O ano era 1996. O Brasil parava para ver Michael Jackson caminhar entre o povo, cantar nas vielas, dançar sobre as lajes. Em meio ao calor do Rio de Janeiro e à energia efervescente de Salvador, uma figura se destacava entre câmeras e seguranças: Glória Maria. Designada para cobrir a passagem do Rei do Pop para o “Fantástico”, a jornalista não imaginava que viveria um dos encontros mais marcantes de sua carreira — e da cultura pop brasileira.

Naquele cenário improvisado do Morro Dona Marta, com o batuque da percussão ecoando no ar e a curiosidade da comunidade em festa, Glória descrevia um Michael diferente daquele que o mundo via nos tabloides. “Simples, simpático, paciente”, ela dizia, em contraste com a imagem de um astro exigente e recluso. Ali, entre becos e telhados, surgia um Michael Jackson real, humano, quase tímido — e profundamente curioso sobre a alma brasileira.

Apesar das câmeras do programa não registrarem uma entrevista formal, Glória viveu um momento único. Foi Michael quem a abordou, quem se interessou por sua história. No Pelourinho, ele a viu sendo acolhida pelo povo e decidiu: “vamos conversar no Rio”. E assim, no improviso do destino, nasceu um diálogo raro — sem script, sem estrelismo. Era o ídolo global querendo entender o Brasil pelos olhos de uma mulher negra que venceu preconceitos.

“Ele me entrevistou”, disse Glória anos depois, ao recordar o momento. Foram vinte minutos de conversa onde o astro perguntava, ouvia, absorvia. Queria saber das raízes de Glória, da luta contra o racismo, das cicatrizes sociais do Brasil. E foi ali, entre uma resposta e outra, que o mito ganhou carne e osso: um homem franzino, coberto por uma pele tão fina que deixava à mostra as marcas do vitiligo. Um corpo marcado por dores físicas e simbólicas.

Para Glória, que tocou o braço de Michael com cuidado e reverência, caiu por terra a narrativa sensacionalista do “embranquecimento proposital”. “Senti vergonha por ter acreditado em algo tão raso”, confessou.

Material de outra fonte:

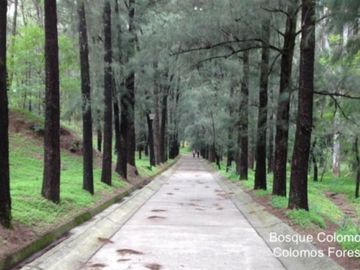 Departamento con alberca, pet friendly, coworking, venta Providencia Guadalajara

Naquele instante íntimo, entre jornalistas e dançarinos, entre câmeras e abraços, ela enxergou um homem cansado de ser mal interpretado. Um homem que, no fundo, só queria ser compreendido.

O ápice veio sem roteiro. Ao final da gravação, enquanto Glória encerrava sua matéria com palavras de surpresa e encanto, Michael a olhava em silêncio — “com cara de bobo”, ela brincou. Foi então que ele a puxou num gesto espontâneo, disse “I love you, Brazil”. Um beijo, um gesto de entrega. O homem por trás do ícone, presente e afetuoso.

Glória saiu transformada. Com seu olhar afiado de repórter e sua sensibilidade rara, ela decifrou o que tantos não conseguiam: Michael Jackson não era só o artista extravagante, mas alguém ferido por dentro, movido pela empatia e fascinado pela alma popular. “Ele era frágil, sem frescura, sem nojo de gente”, disse. E talvez ninguém tenha traduzido melhor o Michael do Brasil do que Glória Maria.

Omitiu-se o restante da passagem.